Hope Solo es un símbolo para millones de pequeñas que ven en ella lo que ella vio en Mia Hamm, una estrella del juego, una superdotada que mediante la pelota pudo cumplir sus sueños de sobresalir y ser alguien en el mundo del deporte y la competitividad estadounidense; sin embargo, a diferencia de Hamm, ella posee un lado para muchos perverso que la condena a ser la muñeca malvada dentro de un campo que domina la dulce y angelical Alex Morgan, su compañera y contraparte mediática. 

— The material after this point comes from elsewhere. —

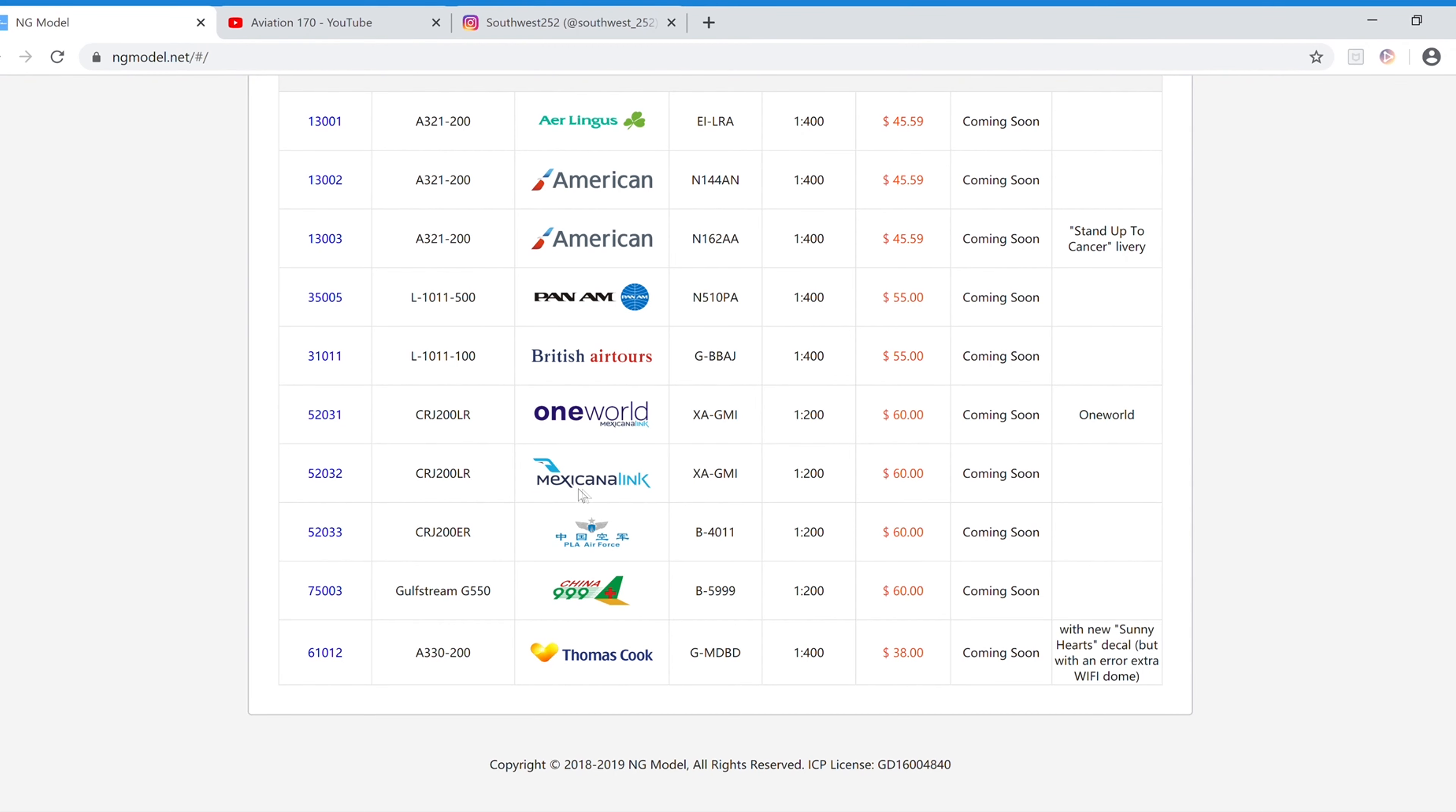And next we have the same aircraft, Mexicana Link, just without the One World Colors or livery. It's actually the same registration, XA-GMI. 1-200 scale, $60, and the item number is 52032.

Cuando Estados Unidos debió refrendar su título olímpico en Río, primero Hope divulgó unas fotos con una especie de protección contra el zika, situación que sentó muy mal entre los brasileños y después en los Cuartos de Final se les cruzó una dura representación sueca dirigida por su exentrenadora Pia Sundhage, mismas que las eliminaron, a lo que Solo, ante la impotencia de la derrota y fiel a su rebeldía, encendió los papeles asegurando que habían jugado frente a un equipo lleno de cobardes y que el mejor cuadro no había ganado. 

Sundhage, con elegancia respondió: “Ok, somos cobardes, pero ganamos. Hope sabe muy bien lo que es un equipo vencedor. Ellas ganaron mucho, pero esta vez pasamos nosotras”. 

A los 35 años de edad, Hope Solo sigue siendo la mejor portera del mundo, su fiereza, los reflejos, velocidad, dominio del área y del aire así lo demuestran. Un chica dura que estuvo cerca del retiro cuando se lesionó un hombro y permaneció más de seis meses fuera de actividad. “Pensé que era el final de mi carrera”, le dijo a Sports Illustrated. Una mujer con mirada profunda, casi asesina que esparció las cenizas de su padre por Central Park y afuera del Yankee Stadium y al que asegura no le guarda rencor y sí un amor profundo a pesar de que nunca supo bien quién era en realidad. Una chica que ama a su madre y al futbol por sobre todas las cosas. Hope Solo, para muchos el alma de su selección  y para otros la villana perfecta del deporte norteamericano.